藤田:一言だけいいですか!喋ると一言じゃすまなくなるけど・・・。

葛西純、負けたよ。全身全霊かけて闘って、負けた。それも悔しいけど、見ろよ!あそこ、あそこ、あそこ・・・そして、まばらにオレンジが見える、満員に出来なかった、あそこを埋められなかったのは俺のせいだ。

22年間・・・。22年やっててわかったよ。葛西純、凄えよ。竹田誠志、凄えよ。ビオレント・ジャック・・・凄えよ!そして・・・藤田ミノルは・・・何者でもねえな。

今日はたくさん、見に来てくれた・・・ありがとう、でも俺が見たいのはこんなもんじゃねえ。葛西純、竹田誠志、お前らに負けない何者かに、オレはなってやるからな!

 そして葛西との共闘は続けること、でもいつでも対戦する用意はしている、と告げて「サンキュー・ソーマッチ・アンド・ファッキュー!」と中指立てて退場。大「フジタ」コール!いやいや痺れるカッコよさ!素晴らしかった!
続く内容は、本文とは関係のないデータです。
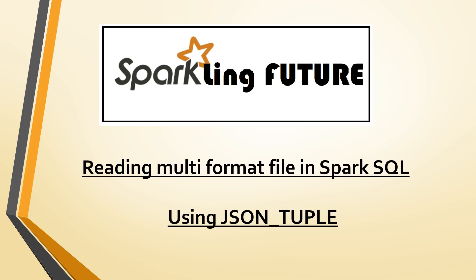Hello friends, I am Sravana Lakshmi Pisupati and welcome to my channel Sparkling Future. Today we will discuss how to deal with a multi-source formatted file. Before starting with today's topic, I request all of you to subscribe to my channel and provide your feedback in the comment section. Thank you.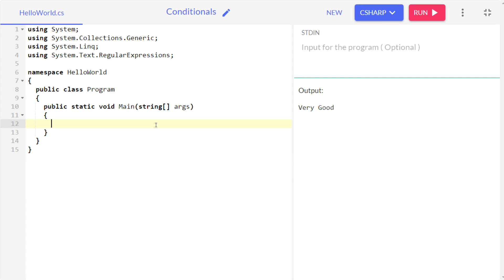Welcome to this lecture where we are going to learn about loops. This is a very important concept because we are going to use loops a lot. Whenever you are developing something, you won't want to do everything manually — you can loop through it. For example, if you created an array, we need loops to work with arrays.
そして最後は葛西がクリスマス興行での竹田とのタイトルマッチを約束、それまでタイトルを持っていることを約束し、竹田も了承。

最後に葛西がマイクを取り

葛西:今日は入場ありがとうございました!皆さんは、信用してるけどこいつだけには負けたくないってヤツいますか?いるだろ?いないなら探せ!そうじゃないと人生つまんねえぞ!
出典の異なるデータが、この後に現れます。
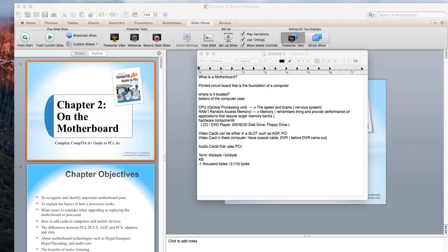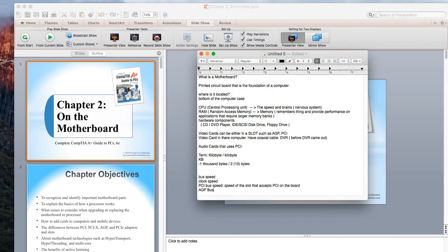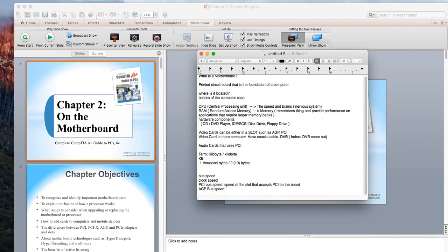Some important motherboard speed terms: clock speed is the speed of the processor's internal clock, measured in gigahertz. Bus speed is the speed at which data is delivered from a particular bus on the motherboard. Other important terms include PCI bus speed — the speed of the slot that accepts PCI cards on the board — and AGP bus speed, which is the accelerated graphics card slot speed for video cards.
オレッチは負けたくねえやつをやっつけて、近年中に!絶対に!マイホーム買うぞ!!

 デスマッチ・マイホーム宣言!大「カサイ」コールに包まれて、5・2FREEDOMS後楽園大会は幕を閉じました。

 

   

 

メインイベント KING of FREEDOM WORLD CHAMPIONSHIP
カミソリ十字架ボード+αデスマッチ

◯葛西純(C)
(22分55秒 垂直落下式リバースタイガードライバー→片エビ固め)
✕藤田ミノル
※ 第11代王者葛西純、3度目の防衛に成功 

 興行全体、メインイベントの試合、マイクと、結果やっぱり藤田ミノルと葛西純を堪能したこのFREEDOMS後楽園大会でした。なんというか、コクのある男達の闘い。人生というダシをしっかりとプロレスというスープに乗せられる、コクを味あわせてくれる二人の試合でした。我々はプロレスを見てるのと同時に、プロレスから透けて見える人生も見てる、それを見せてくれるプロレスラーがいる幸せを感じたこの試合。味わい深いデスマッチでした。デスマッチ、サイコー!FREEDOMS、サイコー!